The ups with a monthly salary are that you live a comfortable life filled with all the luxuries you might want. Want to buy the latest gadget, sure. 1-click away. Want to do a trip to Europe, sure. Want external daily help in cooking, cleaning your house, and doing dishes, 100% doable. Want to go out and have a nice fancy dinner every weekend, say no more. More importantly, working full-time for a company separates you from all the extra work required to "figure out business". You can focus on one skill and just execute on it.
Why:
The downsides of working full-time are almost the same, if not less. It's just that we ignore them and enjoy the ups of a monthly salary (which is also perfectly ok). A few downsides that I've noticed over the last decade are:
- Less-to-no room to work on new projects. Yes, you can carve some time from your weekdays and weekends to work on your project. You can also burn your midnight oil to do it. But it just takes longer and sometimes robs you from just simply enjoying life.
- Less time to rejuvenate as we're always on the "work machine". Sure, you can take 2 weeks off every few months but those get eaten up very quickly to finish pending house chores or planning & executing a vacation.
- Less time to idle to let your mind wander and learn new things. I idle a lot. I think Idling i.e. doing nothing or not having any agenda for the day is great for my brain.

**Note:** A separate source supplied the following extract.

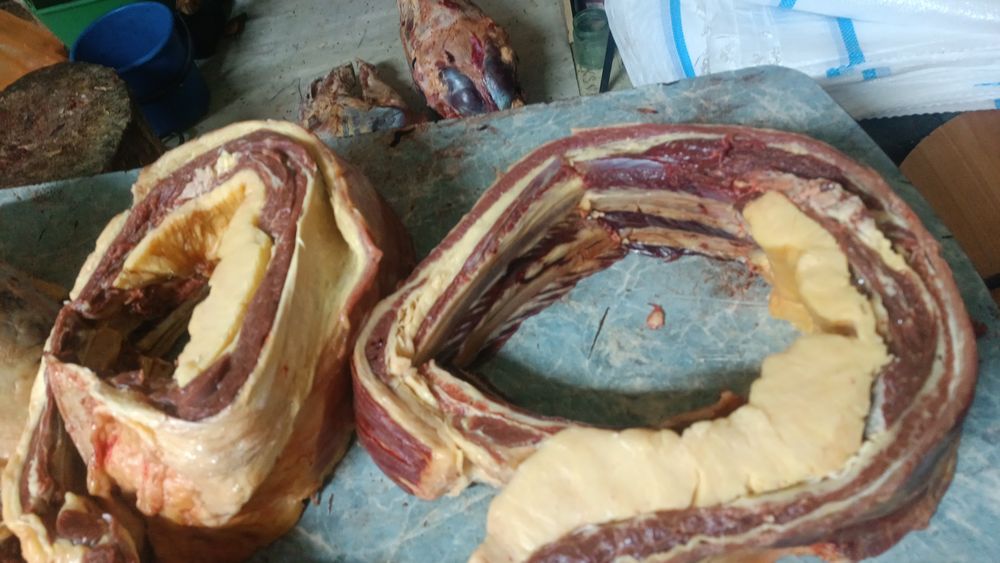 конины даставка бесплатно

It lets you wander off to new things. It brings back curiosity which leads to new & exciting opportunities - which you may never find if you're just working continuously.
- Little-to-no passive income. Building passive income takes time and effort. Most people I know on the internet who make serious passive income regularly, are the ones who've gone full-time working on their projects. Yes, a few I know have made a few $$$ here and there but it's not recurring. Regular passive income requires work. Continuous work.
- Working constantly 40 hours/week. I've been working for almost a decade. That's a lot. If I continue this path, I'll probably work for 3-4 more decades before enjoying my retirement, or my real break from work. I don't like the idea of waiting 4 decades to enjoy a good break.
Why now:
- Got my finances in place. The biggest reason that I feel confident that this is the best time that I should take a mini-sabbatical is because I got my finances in place a few years back. I hired a financial planner who taught me how to manage my money and think in life goals vs. spending as I go about life. I've been saving for a runaway apart from other saving goals. I have a runway of a year which includes my daily bills, any EMIs, and occasional travel plans.
- If not now then when? This is a question that I ask myself every time I get excited about something but can't make the jump for any x reason. We have been taught to keep working and retire after 60. These rules / principles were made in the early decades when families were earning the bare minimum and living life month-to-month. Times have changed. The IT industry has opened a ton of opportunities for those who can learn new skills and master them. I feel fortunate to have found my way into digital product design which pays well and helped me earn quite decently and save for my life goals.
- Doing things that I like. Yes, I've maintained an ideal work-life balance. I get time to play sports, watch movies, meet friends & family, and many other non-work activities. In short, I'd say that I have lived quite a balanced life so far where I worked a decent # of hours and reaped the benefits equally. But the question I am trying to answer today is: "can I deprioritize full-time roles every 10 years and prioritize other activities for a few months?". And I think I can. And I should.
So what's next?
- First and foremost, I've left my job in November this year to enjoy my sabbatical for a few months. I haven't decided how many months of sabbatical I'll be on. But it definitely won't be 2 months or 12 months. I'll keep this somewhere between the range of 3-6 months.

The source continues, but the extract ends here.